The Missouri River's humidity sneaks into every Great Falls home, creating the perfect conditions for dust to cling to surfaces and allergens to settle into corners. Add Montana's dramatic temperature swings—from subzero winters to blazing summers—and you've got homes that trap everything from road salt residue to wildfire ash depending on the season. Those beautiful mid-century ranches near Gibson Flats and the older bungalows downtown weren't built with today's air filtration in mind, which means particles find their way onto every horizontal surface. Before you even think about pulling out the mop and vacuum for a proper deep clean, you need to tackle what's sitting on top of all that grime: clutter.
Here's why this order matters so much. When you try to deep clean around stacks of mail, kids' toys, and countertop appliances, you're essentially just cleaning around the problem. You'll miss baseboards behind shoe piles, can't properly wipe down shelves crowded with knickknacks, and waste time moving items back and forth instead of actually cleaning. Start by clearing surfaces completely, sorting items into keep-donate-trash piles, and putting everything in its proper home. Only then can you see what actually needs cleaning and give every surface the attention it deserves. The result? A truly clean home instead of just a tidier mess.
Declutter First: The 40% Rule
Professional cleaners consistently report that homes with clear surfaces take 35–45% less time to clean thoroughly. That means a better result — or the same time spent going deeper on what matters.
Where to Start in a Great Falls Home
The Kitchen Counter Problem
Great Falls kitchens accumulate countertop appliances quickly: air fryers, Instant Pots, coffee systems, smoothie makers. The rule: if you don't use it at least weekly, it goes in a cabinet or out of the house. Goal: one clear strip of counter behind the sink and at least half of all counter space unoccupied.
The Bathroom Surface Audit
The average American bathroom has 17 items on the counter. Ideal is 3–5. Everything else goes in a drawer, medicine cabinet, or under-sink storage. This transforms a 15-minute bathroom clean into a 7-minute one.
Bedroom Floor Rules
Anything on a bedroom floor that isn't furniture is clutter. Under-bed storage with a flat lid surface is the best Great Falls solution for extra storage without floor clutter.
The Flat Surface Principle
Every flat surface — dressers, nightstands, coffee tables, bookshelves — should have at most 3 objects on it. Everything else creates visual noise and collects dust.

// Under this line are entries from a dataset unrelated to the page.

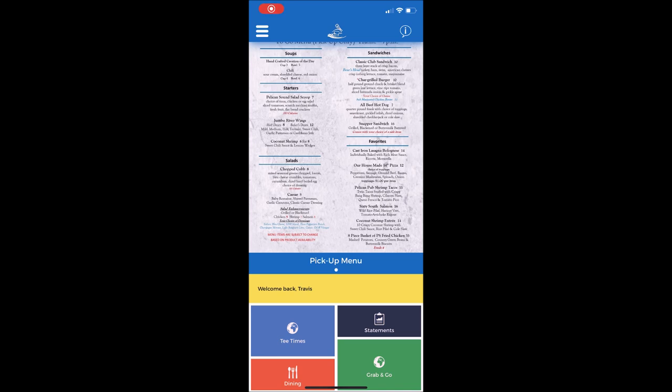Hello, Pelican Sound members. Today, we'd like to take an opportunity to introduce an exciting new feature on our mobile app called Grab and Go, which will allow you to place a food and beverage order while you're on the go from your mobile app.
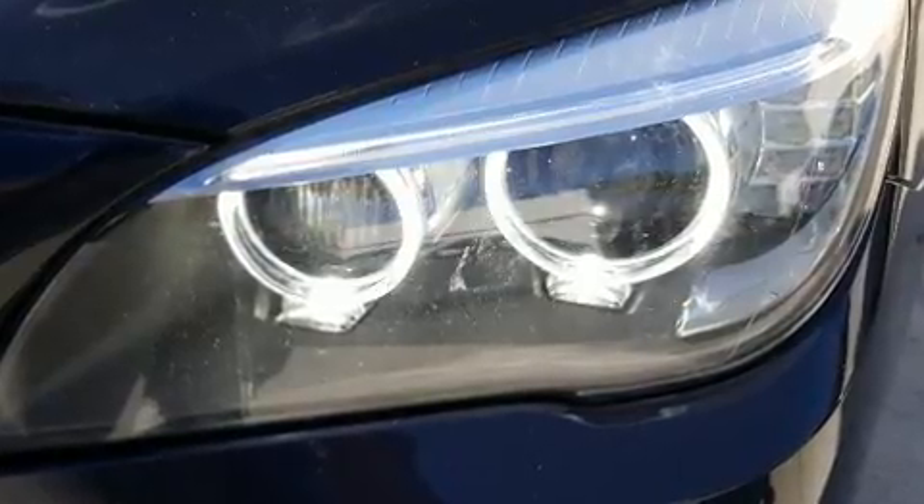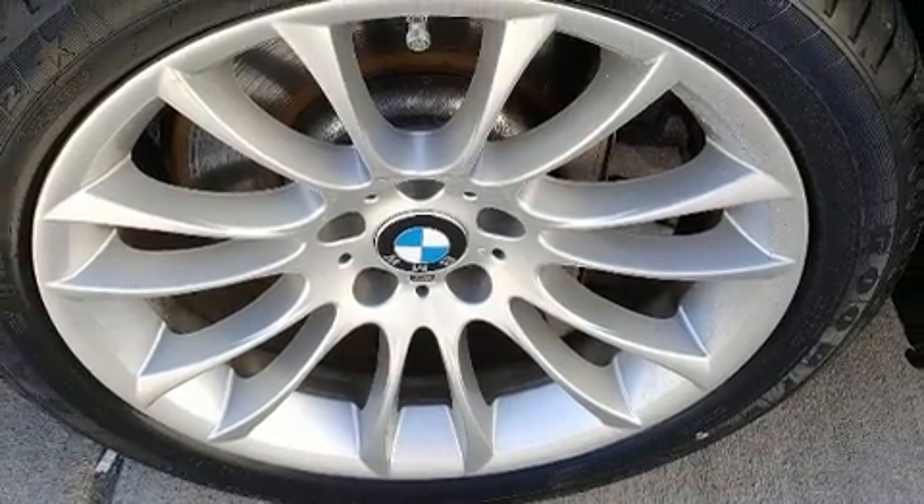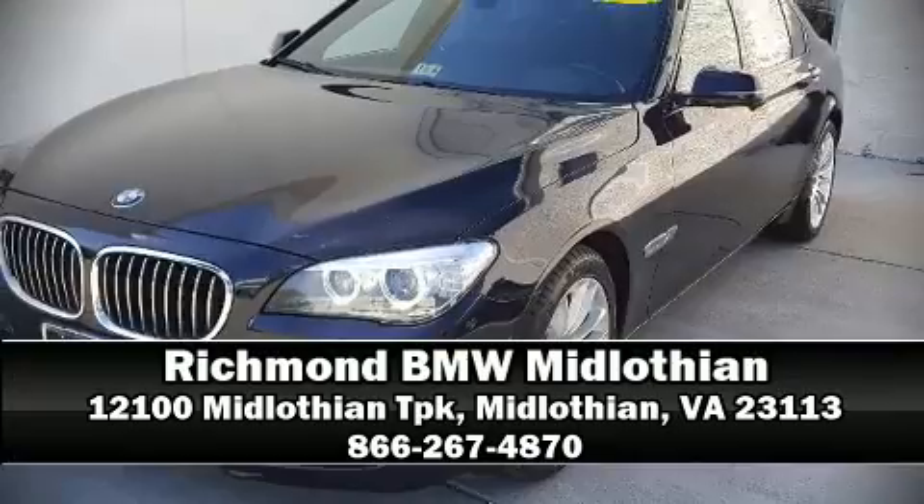This vehicle has achieved certified pre-owned status by passing BMW's rigorous certification process. Stop by our dealership or give us a call for more information.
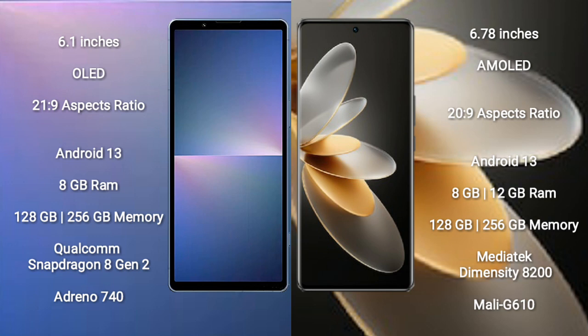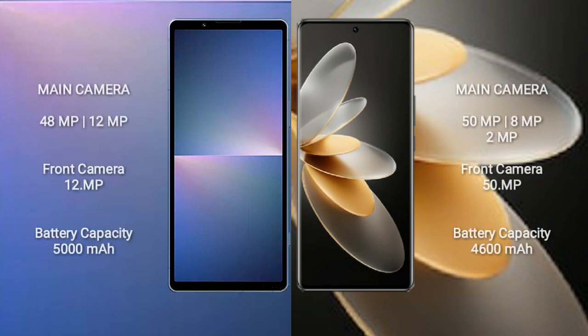The Sony Xperia 5 Mark 5 is powered by the Qualcomm Snapdragon 8 Gen 2 processor with an Adreno 740 GPU. The Vivo V27 Pro comes with 8GB or 12GB RAM and 128GB or 256GB internal storage, powered by the MediaTek Dimensity 8200 processor with a Mali G610 GPU.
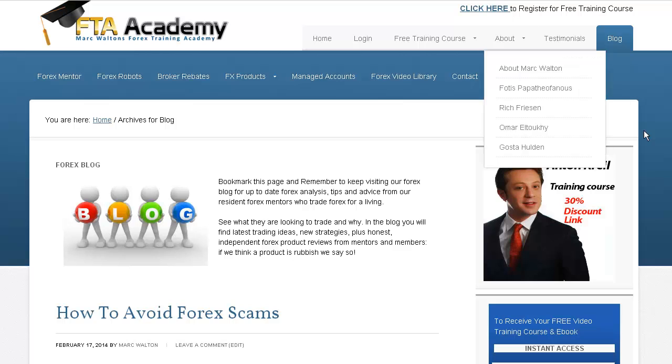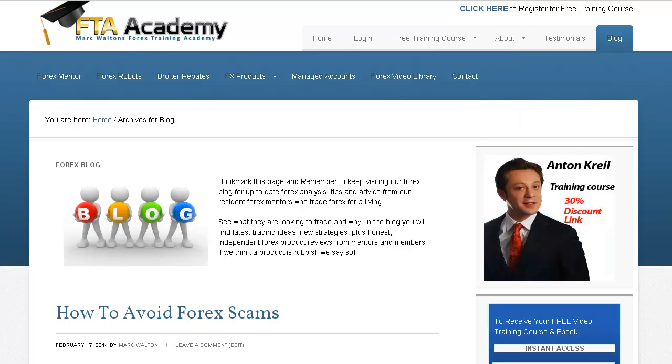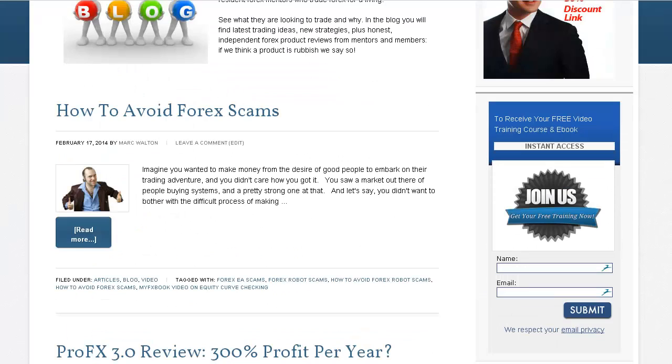And as I said it's all free. Here on the blog we have lots of articles, including a recent one explaining how to avoid being scammed at Forex. There are a lot of marketers in Forex who will promise you the earth, and believe me most of them don't work.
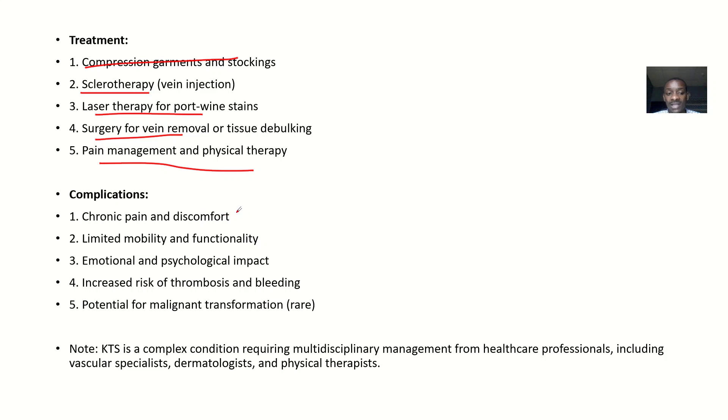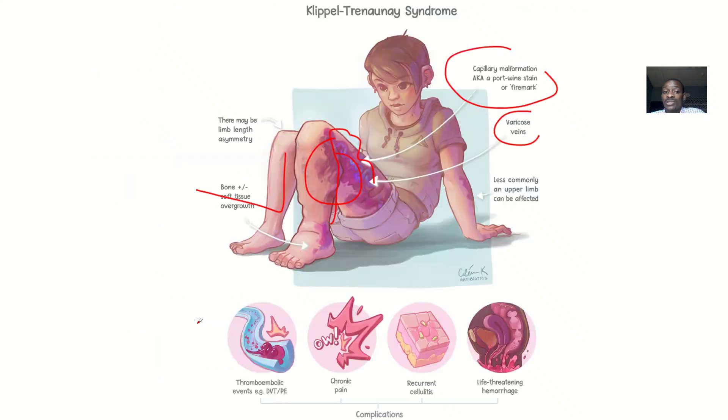Complications can lead to chronic pain and discomfort, limited mobility and functionality, emotional and psychological impact, and an increased risk of thrombosis and bleeding. If this condition is left ongoing without management, there's also a possibility that it can result in cancer.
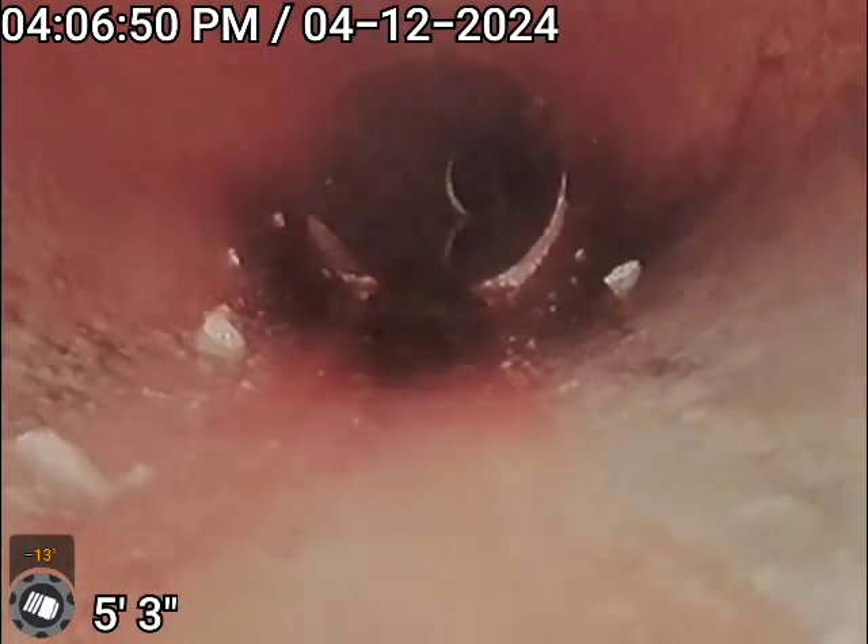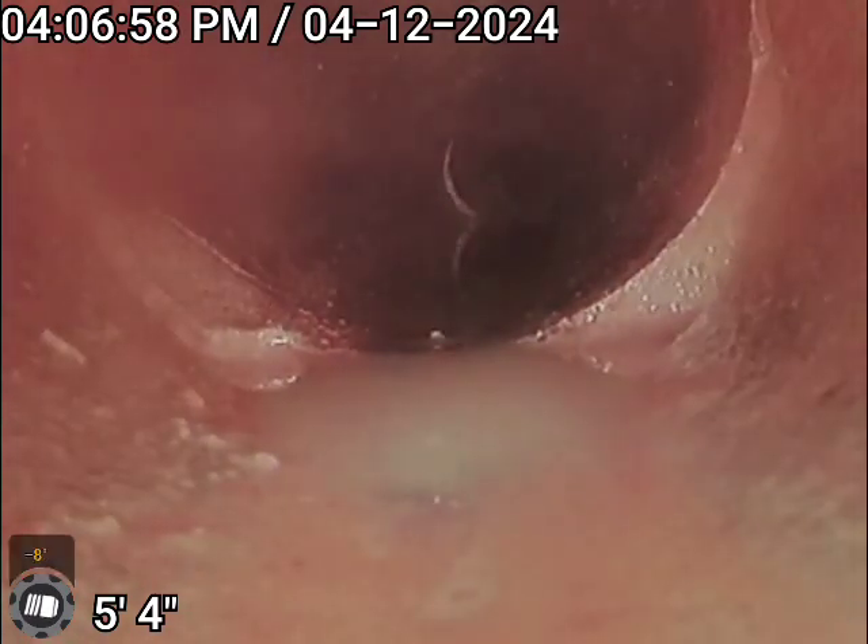This line does have a little bit of a belly to it. You can see a little bit of that sag. It's a minor separation of the line right there. We are coming back up through the stack.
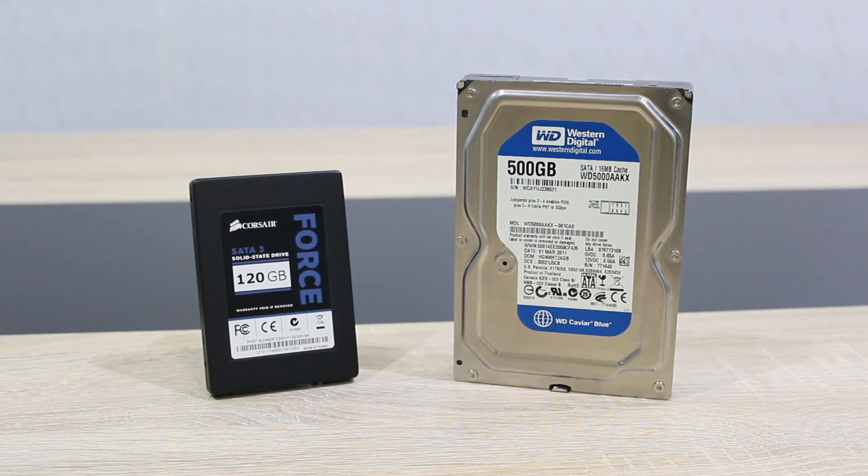First we'll be testing the cold boot time, then the restart time, the Google Chrome and Mozilla Firefox startup time, and last but not least, the Sony Vegas Pro startup time. So let's get started.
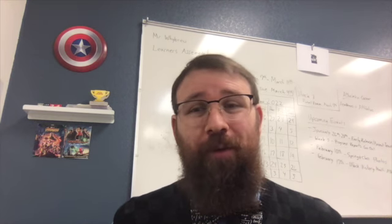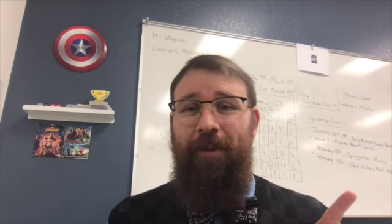Thank you, ladies and gentlemen, for joining me for another wonderful episode of The Wonders of Science with Mr. Wybrew. Keep an eye out for the questions that will be at the end of the video. And as always, enjoy the wonders of science.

Room-by-Room Declutter Plan
Kitchen (2–4 Hours)
- Pull everything out of one cabinet at a time
- Group: keep, donate, toss, relocate
- Apply the "last used" test: if unused in 12 months, it goes
- Tackle the junk drawer last
- Clear all countertops; return only daily-use items
Closets (1–2 Hours Each)
- Remove everything entirely
- Clean the empty closet
- Evaluate each item: does it fit, do you love it, have you used it in the last year?
- Return only what passes; bag the rest for donation
Living Areas (1–2 Hours)
- Remove all items not permanently belonging to that room
- Reduce decorative items to "gallery-worthy" only
- Cable management — loose cords are clutter and dust magnets
The Donation Schedule
In Great Falls, these organizations accept household goods and furniture:
- Habitat for Humanity ReStore — large items and furniture
- Goodwill Industries — general donations
- Vietnam Veterans of America — furniture pickup by appointment in many markets
Maintaining It
The one-in-one-out rule: every time something new enters your home, something equivalent leaves. Applied consistently, this maintains your decluttered space without periodic purges.